La activista afgana presenta el libro “Una mujer contra los señores de la guerra” (Kailas), con el que quiere difundir su punto de vista sobre la trágica situación en Afganistán y captar la comprensión y solidaridad internacional.
Eva Queralt, asiared, 30/06/2010
Malalai Joya fue la diputada más joven del Parlamento afgano, pero la expulsaron por comparar la institución con un establo. Éste fue el precio político por denunciar que la intervención internacional ha situado a destacados criminales en el poder. El precio personal es vivir en la clandestinidad para evitar que un nuevo atentado ponga fin a su vida. Ya ha escapado de cuatro.
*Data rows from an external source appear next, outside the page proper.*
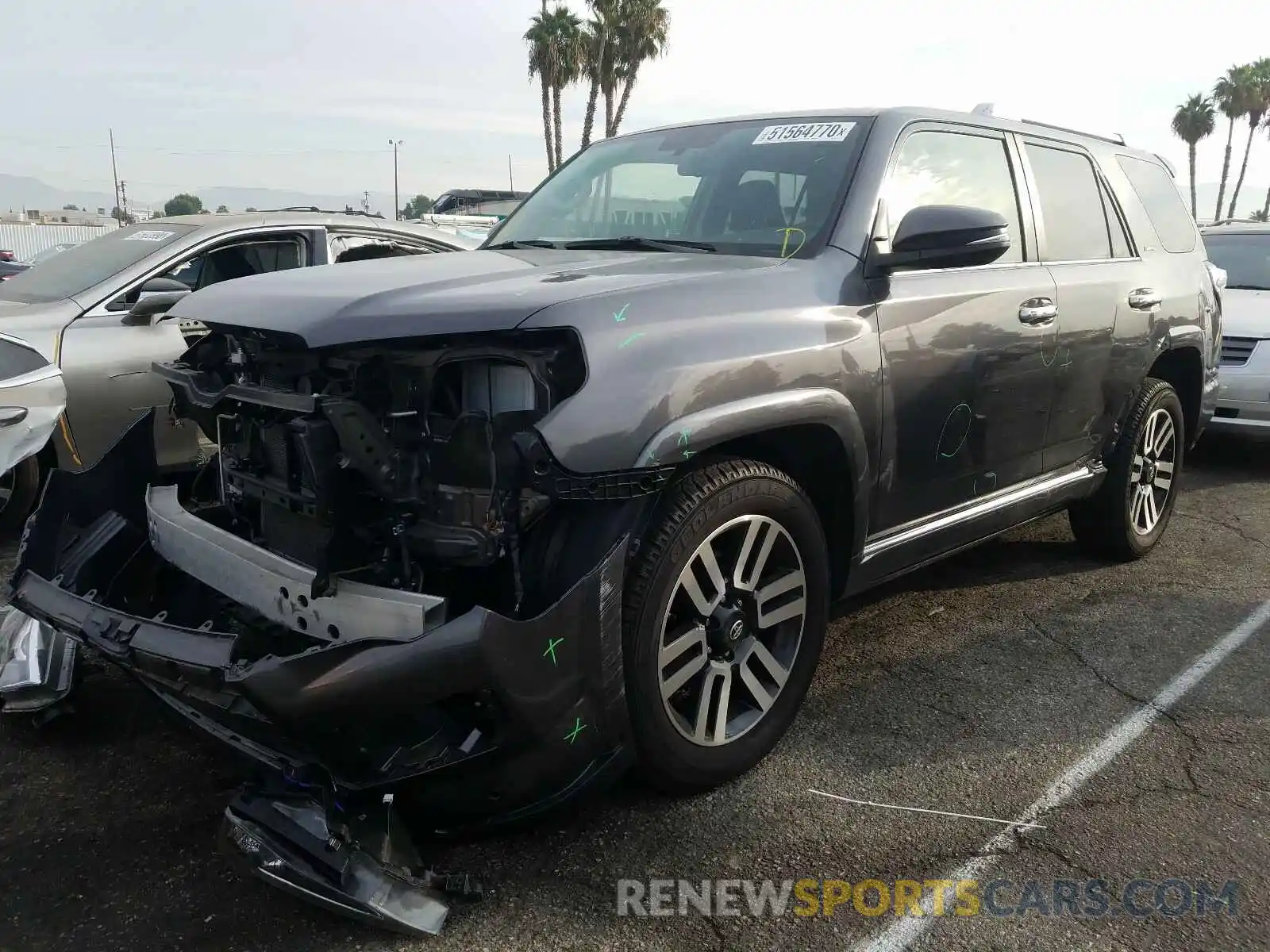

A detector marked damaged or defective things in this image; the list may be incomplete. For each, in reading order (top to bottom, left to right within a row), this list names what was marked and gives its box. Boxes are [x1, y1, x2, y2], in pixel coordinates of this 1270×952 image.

crumpled hood [170, 248, 778, 347]
crumpled hood [1219, 289, 1270, 340]
crushed front bumper [2, 413, 632, 933] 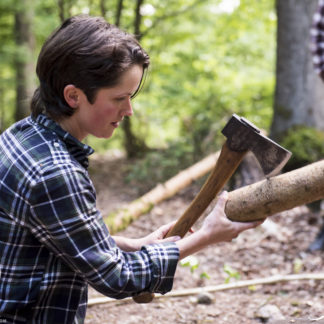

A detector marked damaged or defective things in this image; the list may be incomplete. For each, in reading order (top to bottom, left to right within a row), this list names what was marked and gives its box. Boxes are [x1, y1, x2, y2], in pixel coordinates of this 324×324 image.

rusty axe head [221, 114, 292, 177] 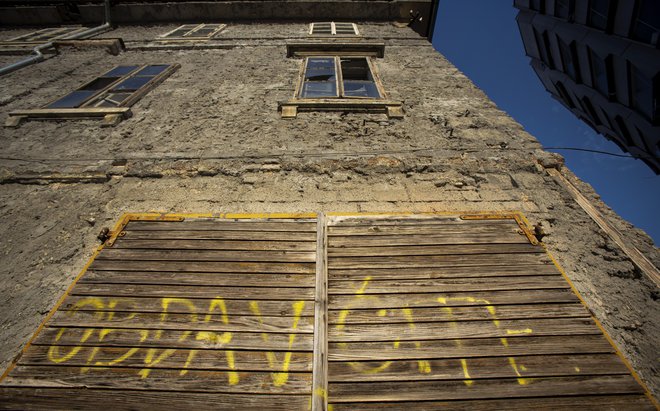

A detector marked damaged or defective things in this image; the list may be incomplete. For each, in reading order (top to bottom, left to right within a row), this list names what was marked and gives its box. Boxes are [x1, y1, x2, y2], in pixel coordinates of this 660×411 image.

broken window [159, 24, 226, 40]
broken window [300, 56, 382, 99]
broken window [6, 64, 180, 127]
warped wooden plank [96, 248, 318, 264]
warped wooden plank [330, 254, 552, 270]
warped wooden plank [33, 326, 314, 352]
warped wooden plank [50, 312, 314, 334]
warped wooden plank [60, 298, 314, 318]
warped wooden plank [69, 284, 314, 300]
warped wooden plank [80, 272, 314, 288]
warped wooden plank [328, 266, 560, 282]
warped wooden plank [328, 276, 568, 296]
warped wooden plank [330, 288, 576, 310]
warped wooden plank [328, 302, 592, 326]
warped wooden plank [328, 318, 600, 344]
warped wooden plank [328, 336, 616, 362]
warped wooden plank [18, 348, 312, 374]
warped wooden plank [328, 354, 628, 384]
warped wooden plank [3, 366, 312, 396]
warped wooden plank [330, 374, 644, 404]
warped wooden plank [0, 390, 312, 411]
Ahora presenta el libro “Una mujer contra los señores de la guerra” (Kailas), con el cual pretende “quitar la máscara a los señores de la guerra y explicar que la supuesta guerra contra el terror es una ocupación”. Los beneficios irán destinados a proyectos educativos.
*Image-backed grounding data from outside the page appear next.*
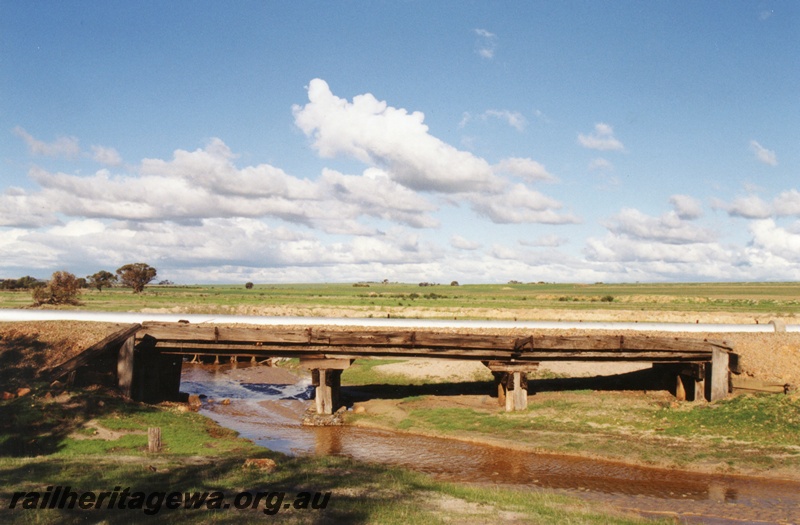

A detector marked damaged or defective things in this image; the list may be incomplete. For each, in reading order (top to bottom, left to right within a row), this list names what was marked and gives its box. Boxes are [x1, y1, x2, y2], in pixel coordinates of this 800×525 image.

rusty water [181, 362, 800, 520] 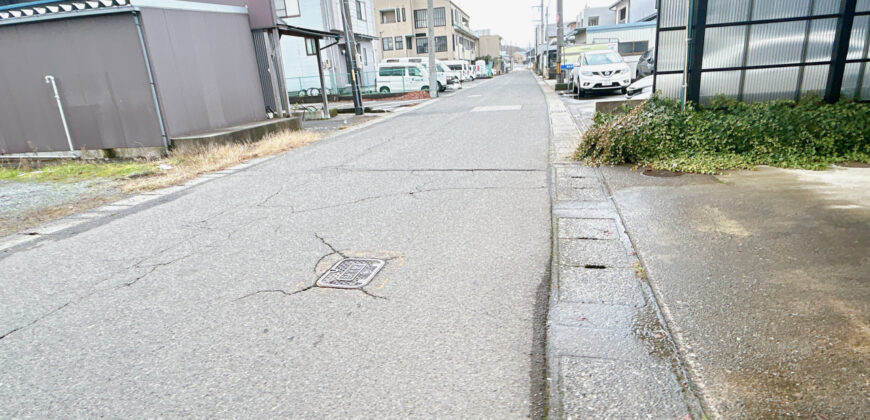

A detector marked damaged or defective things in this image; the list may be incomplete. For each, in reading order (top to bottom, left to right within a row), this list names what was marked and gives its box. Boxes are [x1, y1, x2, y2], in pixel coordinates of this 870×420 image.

cracked asphalt road [0, 70, 552, 418] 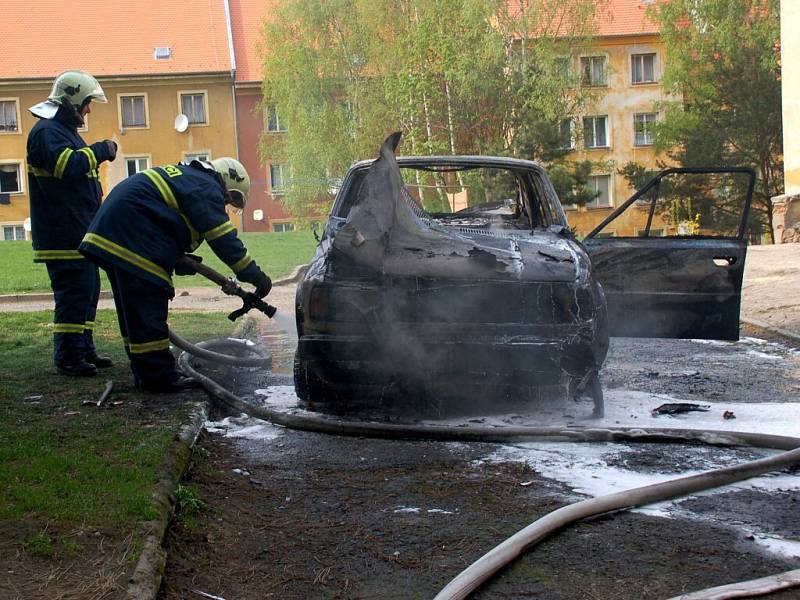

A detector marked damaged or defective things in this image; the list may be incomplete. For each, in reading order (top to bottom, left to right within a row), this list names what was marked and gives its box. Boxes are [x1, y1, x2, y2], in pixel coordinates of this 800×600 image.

burned car [292, 134, 752, 418]
burnt car body [292, 135, 752, 418]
Usted está rotundamente en contra de la presencia de tropas extranjeras en Afganistán. ¿Cree que hoy el país está peor que en 2001?
La situación de hoy es igual de catastrófica que durante el régimen talibán. En las áreas rurales y especialmente para las mujeres, la vida es un infierno. Sí que en algunas áreas las mujeres pueden ir al colegio o a trabajar, pero esta supuesta guerra contra el terror es también una guerra de propaganda que con pequeñas cosas busca justificar ante el mundo un conflicto con fines estratégicos y económicos. Estados Unidos y la OTAN dijeron que ocupaban Afganistán para traer democracia y derechos, pero pusieron al frente a los señores de la guerra, auténticos criminales. Por eso hoy, nueve años después, la situación es un desastre y Afganistán es un paraíso de terroristas y productores de droga.
Como dice, defender a las mujeres era uno de los objetivos de la intervención y hoy, en la Constitución, hombres y mujeres son iguales. ¿Se ha avanzado algo en la práctica?
Es verdad que la Constitución reconoce la igualdad de género y si tuviéramos un gobierno democrático se respetaría, pero ahora es papel mojado, se han dictado otras leyes que lo contradicen. Por ejemplo, el estatuto de la familia chiita no permite a las mujeres salir de casa sin el marido y no reconoce los mínimos derechos de la mujer. Pero además, no importa qué leyes hay porque no se respetan. Los criminales no son perseguidos o no están más que unos días en prisión, lo que provoca que aumenten los casos de niñas y las mujeres que sufren violaciones, ataques con ácido, violencia, bodas forzadas, suicidios… ¡Hay tantos ejemplos de ataques a mujeres y de criminales impunes! Para los señores de la guerra es más fácil matar a una mujer que a un pájaro.
Entonces, ¿qué diferencia hay respecto al régimen talibán?
La diferencia es que ahora muchos de estos crímenes los cometen los que se supone que deben traer la democracia. En cambio las activistas por los derechos humanos todavía tenemos que vivir en la clandestinidad. Con los talibanes yo llevaba la maldita burka para protegerme porque era maestra clandestina, y ahora sigo siendo clandestina y ni con burka y guardaespaldas estoy segura.
Así, para usted cuanto antes se retiren las tropas mejor. ¿Cómo ve el día después?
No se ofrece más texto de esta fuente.